Yeah. I've felt the pain of unrequited love before (all too f&@&ing often, in facT), but the people I've felt that way about value me as a friend and I consider friendship as one of the most tremendously valuable things there are (after all, your friends stick with you long after the romance ends). I'd never consider the person who valued my friendship to be a horrible person for doing so. It hurts more than 1,000 burning needles under the skin to be rejected, to not have your feelings reciprocated, but "I'm not their type" does not equal "I am a horrible person with no identity worth valuing."

Now, I've been used too, and called a "good friend" when it just meant the person in question valued my willingness to drop everything to help them, and then put up with their unwillingness to do the same and general poor treatment of me because at the time I didn't have the self respect to recognize how unhealthy that was at the time. But eventually I figured it out. The people who used to do that to me -- well, I developed self respect. And I don't associate with those people any more.

There's a big matter of discerning whether someone truly values you--maybe even if it's not the way you want them to--and someone who just keeps you around because you're convenient.

So as I think of it, if you feel like you're worthless around someone--examine why. If it's coming from you--work on respecting yourself more. But if it's coming from the way the other person is treating you.... take care of yourself and get the heck away as best you can. Easier said than done of course. Best and sincere hopes to those with fragile and mending hearts.


lynora wrote:

FHDM, that is a really awful way of saying that. Not being attracted to someone sexually does not necessarily equal being a jerkass who views people as things to be used, in this case for friendship and lifting heavy objects.

This is most likely getting to me more than it should because it's stepping too close to a real-life argument I've been dealing with lately.
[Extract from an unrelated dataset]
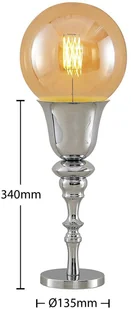 LUCANDE Lucande Gesja lampa stołowa, bez klosza, chrom - Lampy stojące - miniaturka - grafika 5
Oh wow! I'm sorry, I meant no offense whatsoever. I was speaking from personal experience -yes someone I was attracted to was trying to turn me down and ended up saying something offensive(and it certainly turned me off to her, which was her intention- girls can be just as ham fisted as boys sometimes) . Maybe I shouldn't have shared this one - I think it's more one of those "you had to be there" stories.

That said, your perspective interests me -what made you think of people who are not attracted to each other using each other?


Celestial Healer wrote:
I think what FHDM may be hitting on is a tendency among men to internalize rejection as a reflection of inadequacy. It is something to be aware of when dealing with the males of the species, fragile creatures that we are.

also, this to a certain extent.


As usual tmdq, you raise good points. I still think there is a weird gender difference here though. Feelings of male inadequacy tend to run deep and are so very rarely discussed and are so easily spurred by romantic failures.

DeathQuaker wrote:
lynora wrote:

FHDM, that is a really awful way of saying that. Not being attracted to someone sexually does not necessarily equal being a jerkass who views people as things to be used, in this case for friendship and lifting heavy objects.

This is most likely getting to me more than it should because it's stepping too close to a real-life argument I've been dealing with lately.

Yeah. I've felt the pain of unrequited love before (all too f!$@ing often, in facT), but the people I've felt that way about value me as a friend and I consider friendship as one of the most tremendously valuable things there are (after all, your friends stick with you long after the romance ends). I'd never consider the person who valued my friendship to be a horrible person for doing so. It hurts more than 1,000 burning needles under the skin to be rejected, to not have your feelings reciprocated, but "I'm not their type" does not equal "I am a horrible person with no identity worth valuing."

Now, I've been used too, and called a "good friend" when it just meant the person in question valued my willingness to drop everything to help them, and then put up with their unwillingness to do the same and general poor treatment of me because at the time I didn't have the self respect to recognize how unhealthy that was at the time. But eventually I figured it out. The people who used to do that to me -- well, I developed self respect. And I don't associate with those people any more.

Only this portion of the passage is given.